Segment Start: SUPPLIED DATA

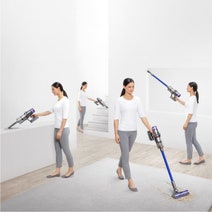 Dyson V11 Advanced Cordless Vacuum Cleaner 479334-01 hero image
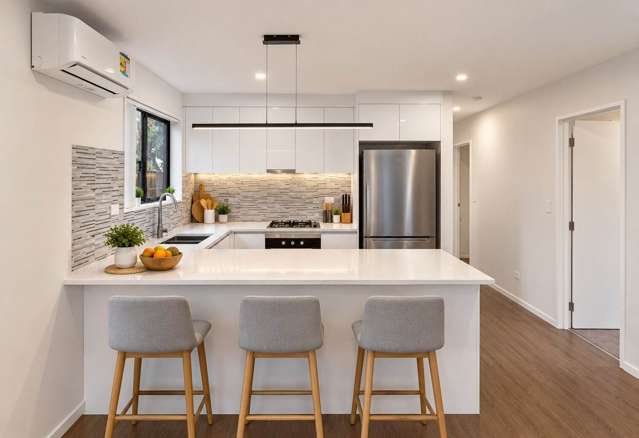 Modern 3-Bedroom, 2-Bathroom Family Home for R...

Segment End: SUPPLIED DATA
Segment Start: SUPPLIED DATA

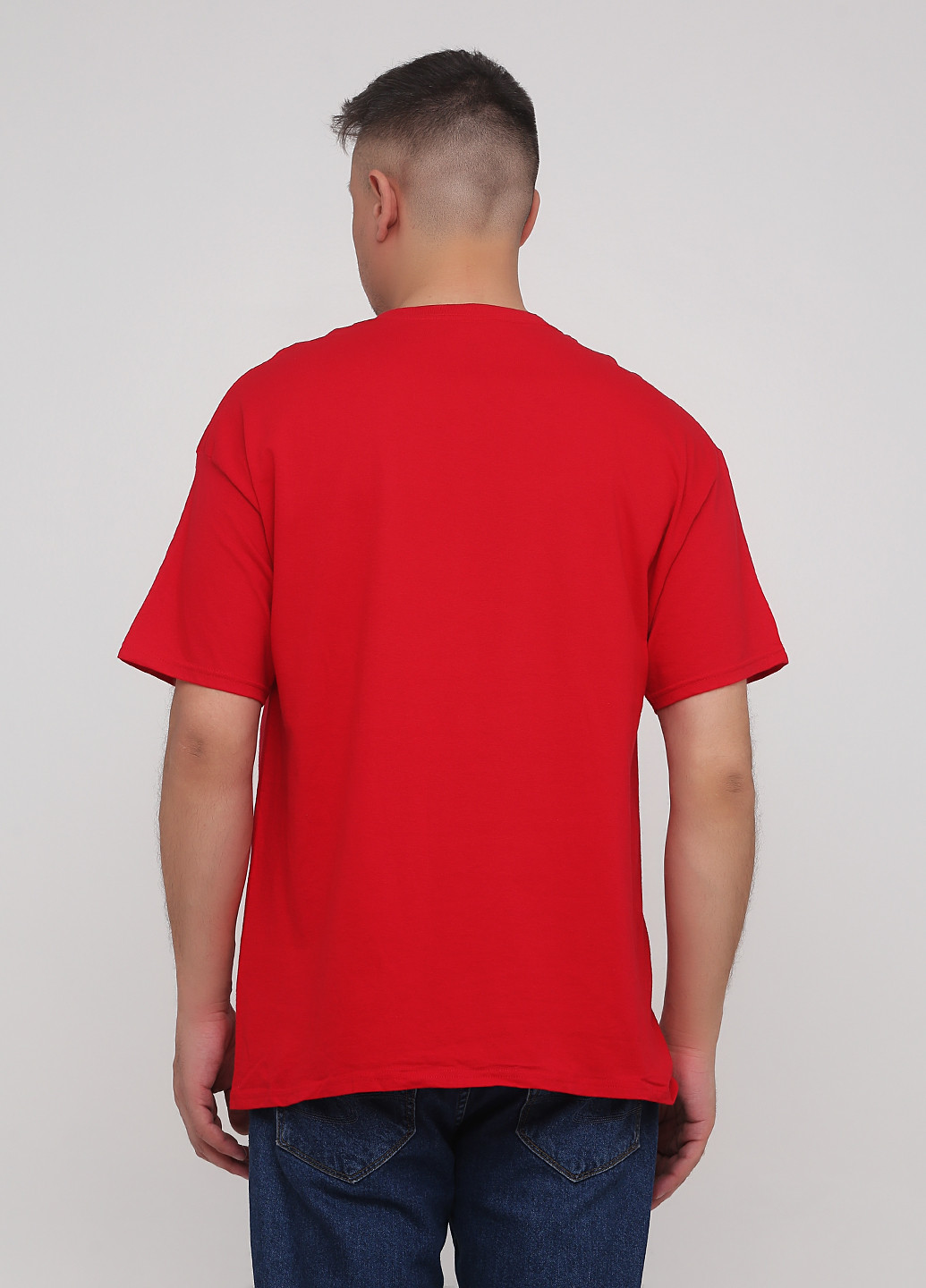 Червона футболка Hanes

Segment End: SUPPLIED DATA
Segment Start: SUPPLIED DATA

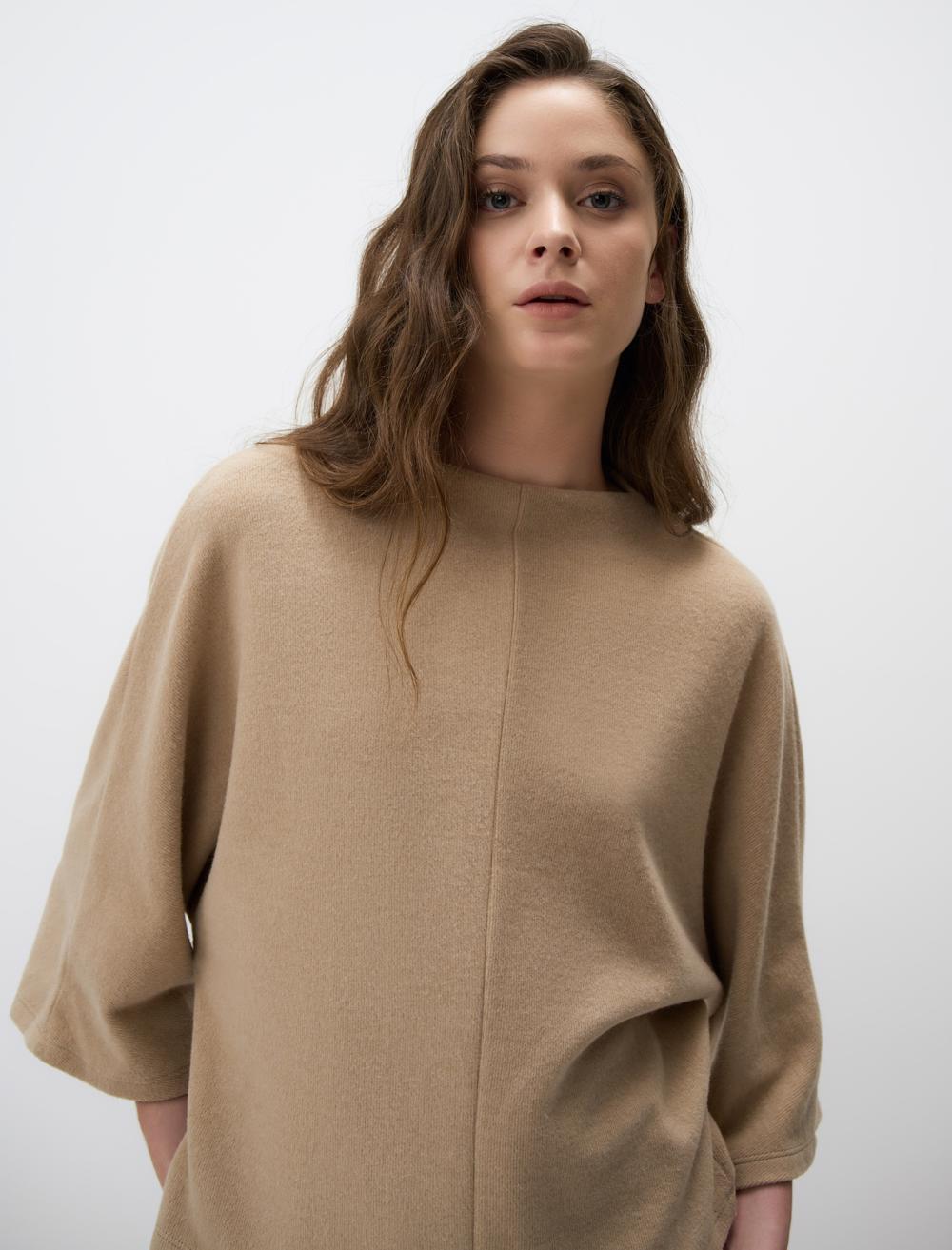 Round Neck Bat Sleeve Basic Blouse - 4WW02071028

Segment End: SUPPLIED DATA

- [WORK TO COMPLETE]
Copy the lines above exactly, starting at the one with "Dyson V11 Advanced" and ending at the one with "Modern 3-Bedroom, 2-Bathroom", both included. Leave out any pictures and add nothing else.

- [EXERCISE ANSWER]
 Dyson V11 Advanced Cordless Vacuum Cleaner 479334-01 hero image
 Modern 3-Bedroom, 2-Bathroom Family Home for R...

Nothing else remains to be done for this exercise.